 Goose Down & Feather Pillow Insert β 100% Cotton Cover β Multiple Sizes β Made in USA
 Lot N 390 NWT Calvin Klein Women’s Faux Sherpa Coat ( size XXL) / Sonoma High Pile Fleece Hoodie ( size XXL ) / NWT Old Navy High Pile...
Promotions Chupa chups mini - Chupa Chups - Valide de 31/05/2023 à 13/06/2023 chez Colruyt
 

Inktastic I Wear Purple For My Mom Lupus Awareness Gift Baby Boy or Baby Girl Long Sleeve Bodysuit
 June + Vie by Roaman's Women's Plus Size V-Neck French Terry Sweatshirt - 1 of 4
────────
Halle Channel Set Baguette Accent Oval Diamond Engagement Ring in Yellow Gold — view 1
────────
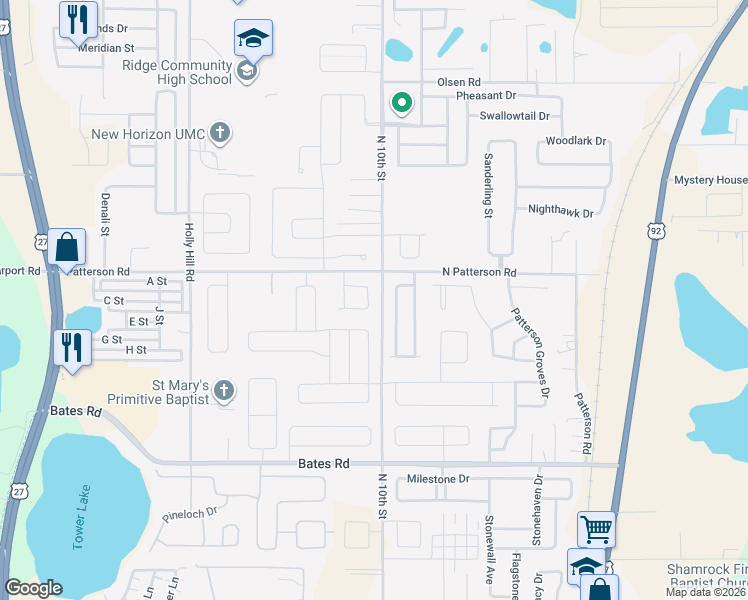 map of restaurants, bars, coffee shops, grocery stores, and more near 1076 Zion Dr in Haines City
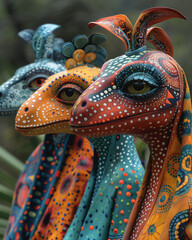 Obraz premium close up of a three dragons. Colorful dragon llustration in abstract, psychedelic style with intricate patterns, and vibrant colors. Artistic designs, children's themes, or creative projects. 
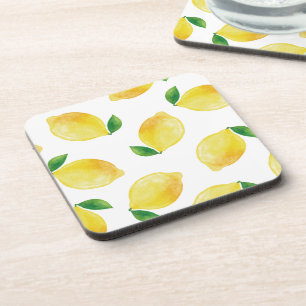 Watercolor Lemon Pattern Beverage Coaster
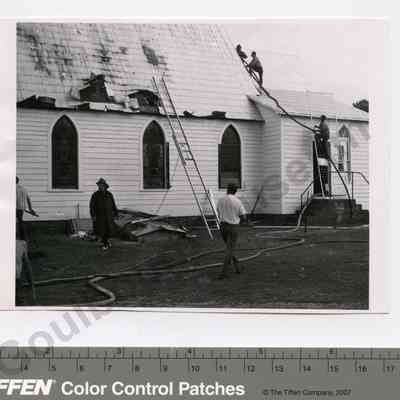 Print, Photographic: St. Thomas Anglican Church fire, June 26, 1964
────────
▶ Your assignment:
Determine the number of lines in the data that contain "Women" as a word or string, and state only that number.

▶ Response to this exercise:
2